Поселился, познакомился — и насчитал одиннадцать коренных жителей плюс дед Серафим, страж охотничьего барака, да плюс мы с женой, итого — четырнадцать. По семьдесят третьему году это было немало: четыре коровы держали, овец штук тридцать, куры в каждом дворе, поросята; в колхоз на работу выходило шестеро — косили сено, лен вязали, картошку копали, хлеб сеяли, солому стоговали и всякое прочее делали. Словом, большой отлички от тех деревень, которые я знал, не было, и каких-то особых мыслей Усть-Дёржа не вызывала. Что из того, что малая, что выдана ей аттестация «неперспективной», таких вокруг сотни, и как ты их ни аттестуй, они живут и надеются, помирать не собираются.
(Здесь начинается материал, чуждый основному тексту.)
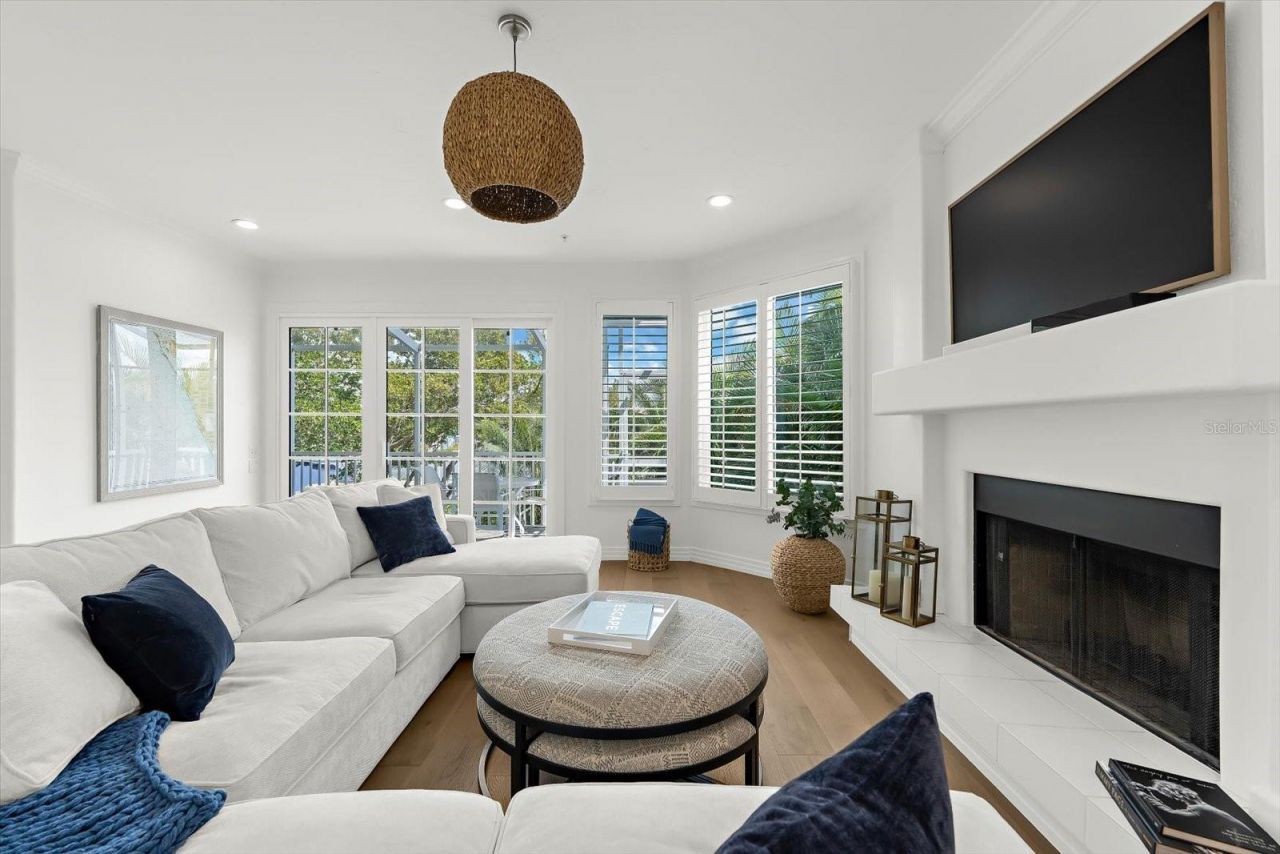 3941 Hamilton Club Circle, Unit 9, Sarasota, FL 34242 Photo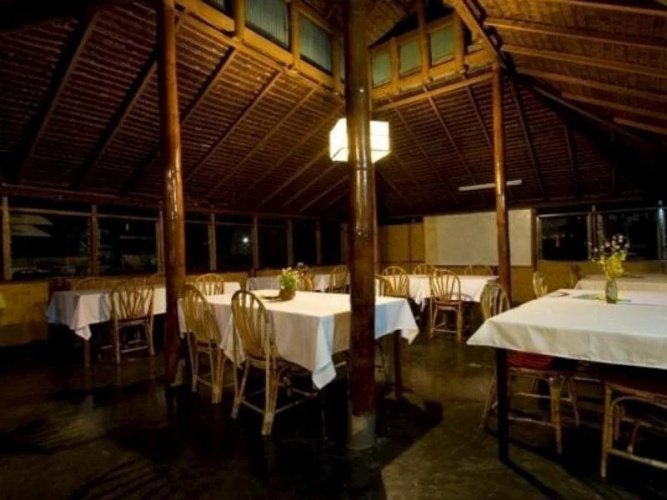 Hotel Pison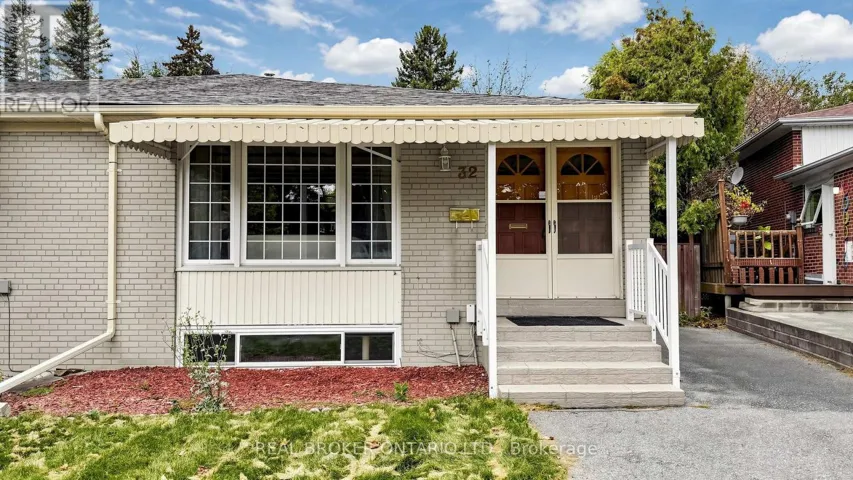32 CAIRNSIDE CRESCENT, Toronto (Pleasant View), Ontario M2J3M8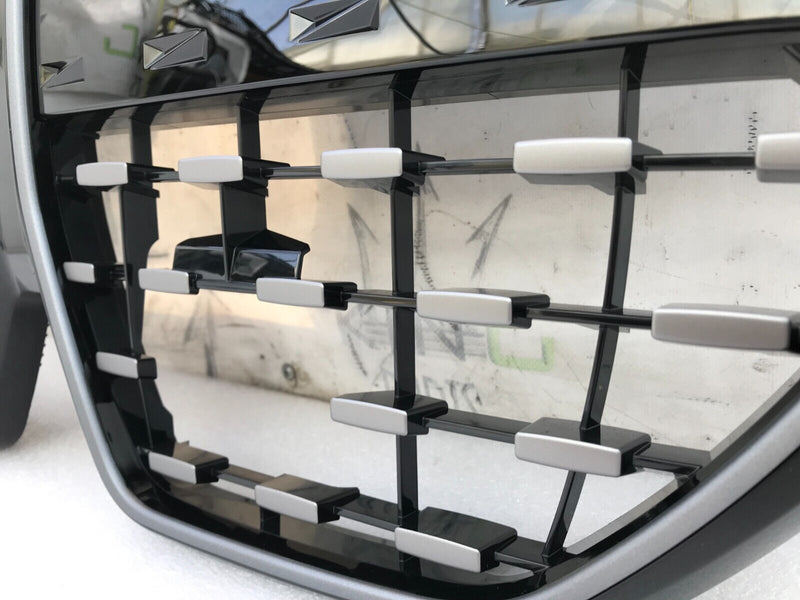 BMW i4 G26 2022-2024 FRONT BUMPER GRILL RADIATOR GRILLE *(RADAR HOLE)  946323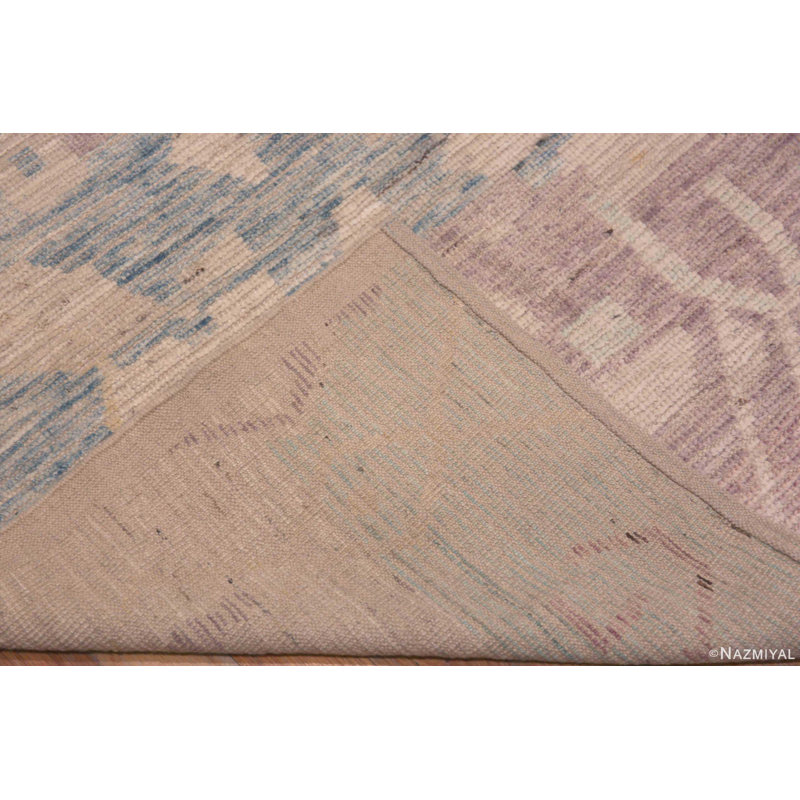 Grand tapis abstrait et contemporain neutre et tribal, unique et doux, unique en son genre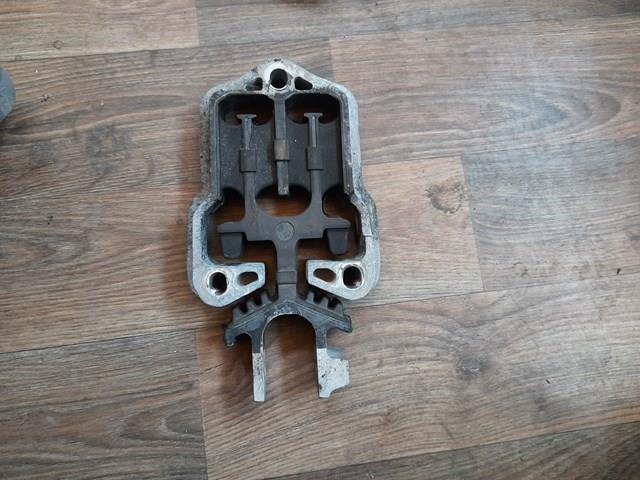Подушка КПП LX6Z6068B FORD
По красоте окрестностей Усть-Дёрже, пожалуй, нет равных. Деревню полукольцом опоясывает гряда — древний берег Волги, как бы прижимая ее к реке. Гряда эта — в березовых и сосновых рощах, между ними распаханы нивы, Волга в этих местах делает крутой поворот на север, к Калинину, излучины ее живописны, с любого холма открываются изумительные дали, особенно украшают их белые березники по обоим берегам. Березники на Верхней Волге — штука уникальная, раньше их тут не было, они после войны выросли — на изрытых войной, запустевших нивах, распахать которые не было сил. Рощи, пока молодые были, берегли, но им уже сорок лет, возраст для березы солидный, пора и в дело пускать, и пускают чаще всего на дрова, потому что пришло время возвратить пашню, и мелиораторы это понемножку делают. А от Ржева к истоку их вырубают сплошняком — готовят ложе последнего на Волге водохранилища. Усть-дёржинские березники тоже сильно поредели от топора — присмотра нет, и хозяйничают в них все кому не лень, вплоть до городских бригад, заготавливающих в порядке шефства веники для скота.
Под конец меня удивили и сами усть-дёржинцы, которые тоже взялись за топоры, и это было последней каплей, дорисовавшей картину умирания деревни.